The spatial sequencing of Todo Fine follows Gibson and Fahler through the conception of their relationship to their current practice. The back room of the exhibition deprived of color, references the artists’ past and returns to their time spent at their San Diego artist-run space in 2000. This was before they established their art practice, while both were developing a reliance on various substances. Less than to relive this time period and elevate its circumstances, the artists chose to return to this moment as it marks the beginning of their artistic careers as well as their friendship, which culminates here in this duo exhibition at New Image Art.
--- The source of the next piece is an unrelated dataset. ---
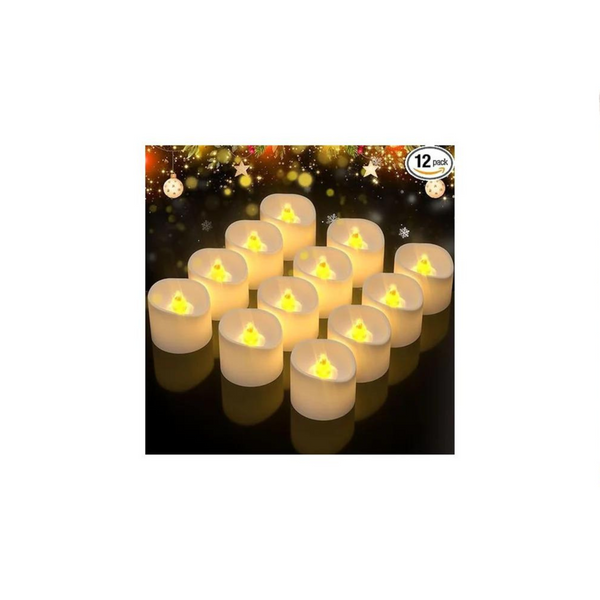12 Pack Flameless Battery Operated Candles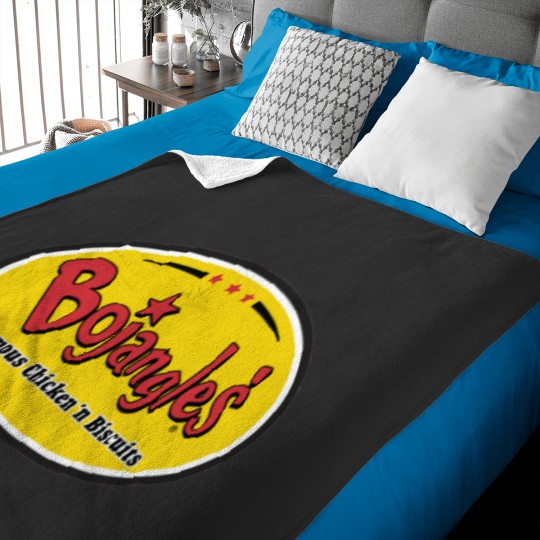 Discover Bojangles Famous Chicken N Biscuits Gift Halloween Day, Thanksgiving, Christmas Day Baby Blankets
Migration, identity and change are themes that surface in the work of both artists, whose families crossed the border earlier in the previous century, and become more prominent in the works in the front room. In Gibson’s paintings we see a family atop a train hiding as it rides through the night, or figures wading through a field of flowers hardly recognizable as they begin to resemble their surroundings. The sun and the moon alternate positions in his work, guiding and hiding the people that Gibson depicts, and illuminating their existence to the viewer to which these lives and journeys remain largely invisible. Fahler’s work in the front room, although more abstract, refers to familial histories of both his paternal and maternal sides and coalesces Mexican and German heritage into his understanding and experience of American identity. Utilitarian materials and mercado paraphernalia are used to create objects, such as Classical columns, framed paintings or pedestals, reminiscent of but in contrast to their Western archetypes. Fahler’s work here reverses hierarchies and opens up room for a reinterpretation of what American can mean.

Rooted in subjective pasts and moving into larger societal conversations, the works in Todo Fine, rather than solely criticizing current affairs, consider the role of contradicting perspectives and how within opposition room for change might unveil itself.